Crawled caption data:
# # # # #

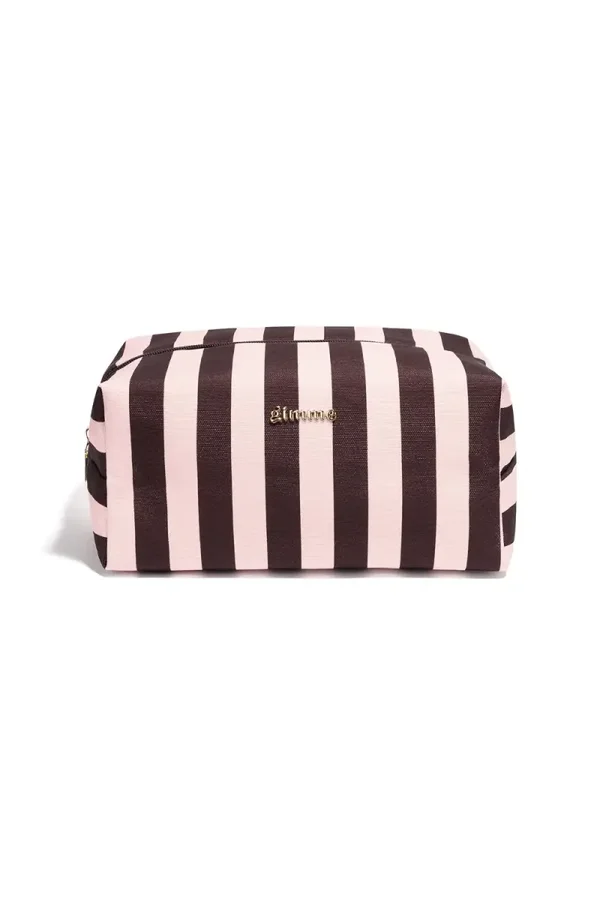 Striped Beauty Bag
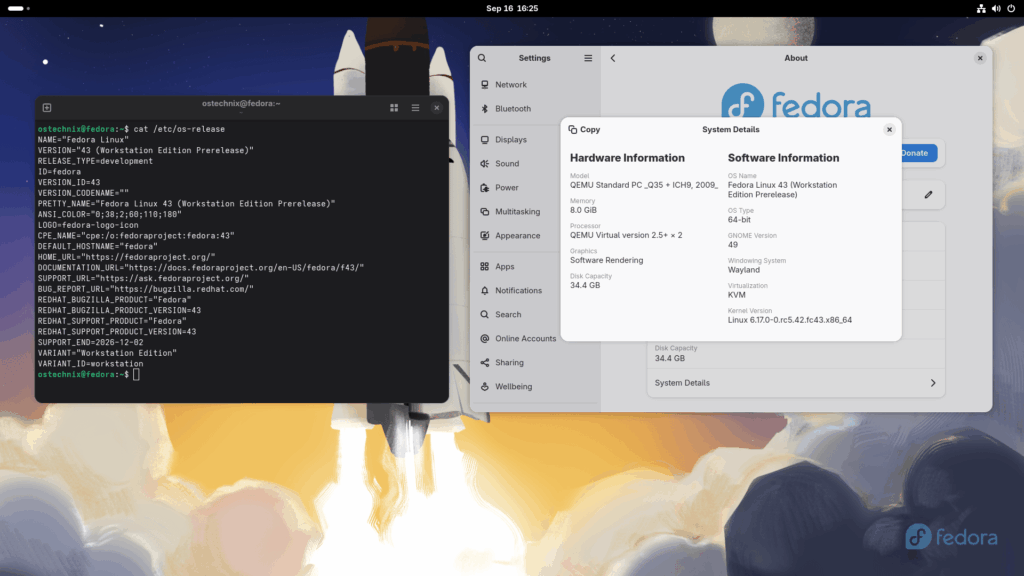 Ver Fedora versión 43 Ver Fedora versión 43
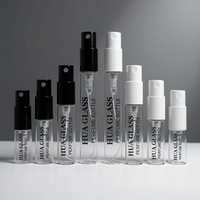 Großhandel 1,5ml 2ml 3ml 5ml Nachfüllbare Reise-Glasparfümprobenflasche Crimp-Vials Leere Sprühflasche mit Kunststoffkappe
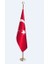 Sarı Kaplama Makam Bayrağı Direği 245 cm 4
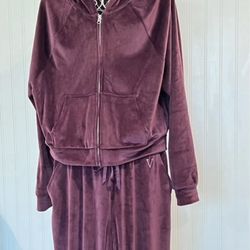 Victoria's Secret burgundy color Set Hoodie & Pants Size M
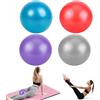 Minshulan Trading Palla da ginnastica piccola, 4 pezzi, per pilates, con cannuccia gonfiabile, antiscivolo, morbida palla da yoga per equilibrio, fisioterapia, fitness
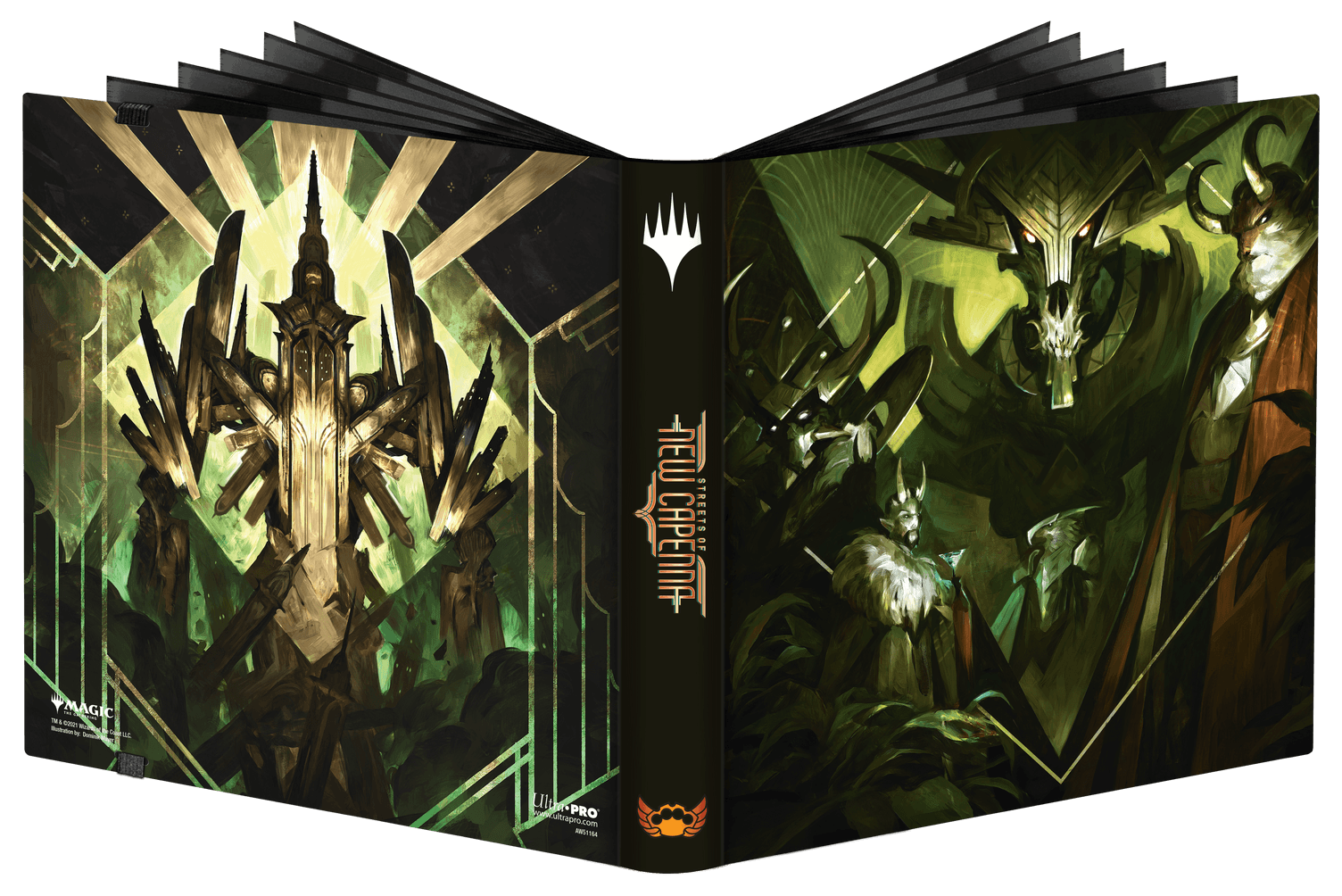 UP BINDER PRO 12PKT MTG STREETS OF NEW CAPENNA - Trinity Hobby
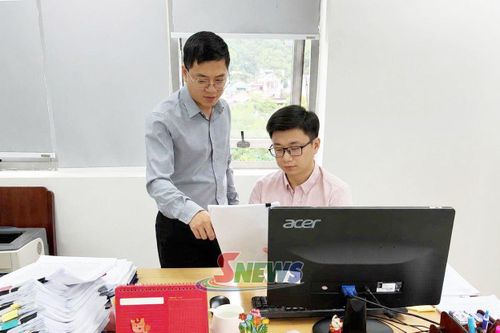 Chuyên viên Sở Tư pháp thẩm định dự thảo văn bản quy phạm pháp luật.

# # # # #

## Task to carry out
What you write must match, line for line, the lines from the one with "UP BINDER PRO" through the last line of the data above, minus the pictures.

## Written reply
 UP BINDER PRO 12PKT MTG STREETS OF NEW CAPENNA - Trinity Hobby
 Chuyên viên Sở Tư pháp thẩm định dự thảo văn bản quy phạm pháp luật.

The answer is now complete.